Introduction
The school gets a nightly dump of enrolment information about all students currently associated with our school or msor (either enrolled in one of our courses or declared as one of our majors). This is processed into a tab separated file that enables easy unix-based analysis of the data. Each file contains the full enrolment history of each student, and the school keeps a database of past files (each day for the past week, last friday of the month for every month).
Each line of the file contains the details of the enrolment of a student in a course, along with additional details about the student (eg, degrees, majors, gender, international/domestic). The first field of the line is the student ID, the fields are tab separated, and the file is sorted by student ID.
There are some standard tools for querying this data. There are some additional tools that pondy has created that do some additional useful queries.
To be able to use these tools:
- type
need admin-tools
at your shell to get access to the standard tools
- add
~pondy/bin/admin-tools
to your path get pondy's extensions.
The basic query tool is
students
-
students
will list all the fields of the file, along with their index (needed for some queries)

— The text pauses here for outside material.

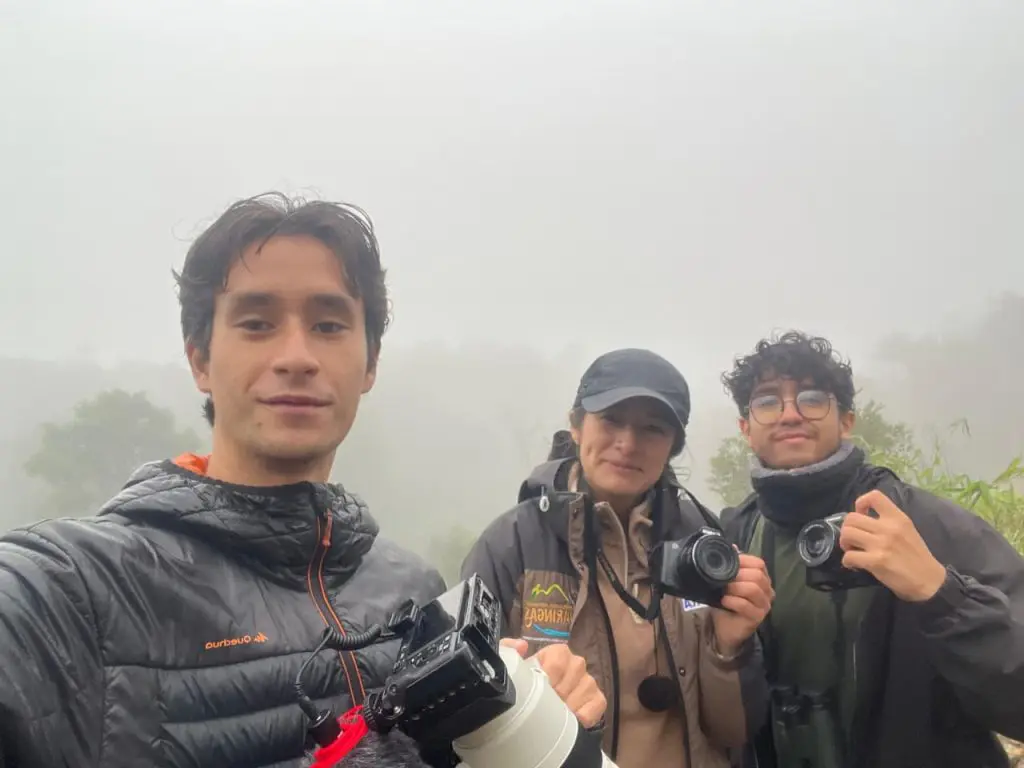 Three birdwatchers in the Chicuate Chinguelas Private Conservation Area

(note, this is pondy's version of the standard enrolments
command. It is roughly the same as the enrolments -p
, but does some additional cleaning up, (for example, adding a comma to A, B, and C, in the grades field so that grades sort properly with unix sort
).
-
students
query-terms
- lists all the entries in data file that match the query terms.
- no arguments will list the fields in the data file
- a query term can either be a pattern to match in the whole line, or it can be preceded by a field number. eg
-
students comp102 2:2014 3:1 "\sbehons\s"
will list all the course enrolment lines for students taking comp102 in 2014 in trimester 1 and who are enrolled for a BE.
-
students-single
query-terms
lists all the entries for each student that has any course enrolment matching all the query terms. (ie, the complete history for each such student)
-
students-multi
query-terms
Lists the complete history for each student who has course enrolments matching each of the query terms.

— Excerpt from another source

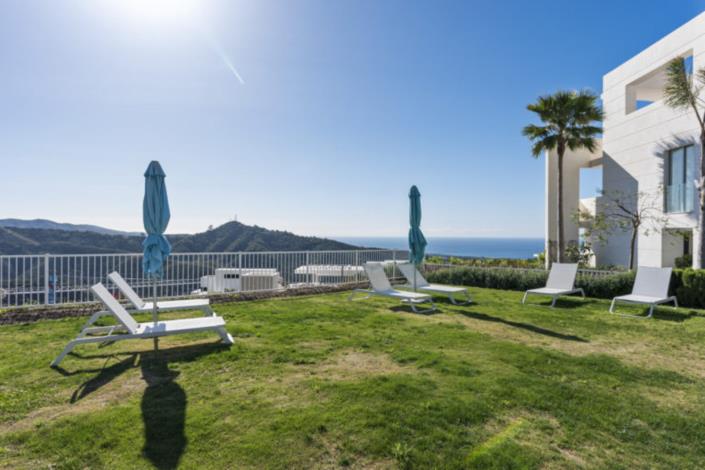 Image No.30-3 Bed Apartment for sale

All three queries take flag arguments to specify a past year (-y YYYY) or a specific date (-d YYYY-MM-DD)
You can pipe the results of these query (or anything else) through the following:
-
project
- field-numbers
selects just the specified fields in the order specified
-
select
- query-terms
performs the same query as the student
command above, but on its input rather than the original data file
. (students
uses select
). [use selectdb
if you are on a bash shell]
-
joinup
-
given several lines with the same value in their first field, puts all the remaining fields of all the lines onto a single line: eg
a 1
a 2
b 3
b 5
b 6
turns into
a 1 2
b 3 5 6
-
unjoinup
-
does the reverse of joinup
-
students-tt
query-terms
lists the courses for the current year of students matching the query terms, and then lists the timetable of all the courses
-
students-count
query-terms
enrolment summary of courses matching the query terms
-
paf
query-terms
gives a summary of the points and courses for the enrolments matching the query terms. Mosty useful only when the query terms are selecting all the courses of a single student (eg their ID number)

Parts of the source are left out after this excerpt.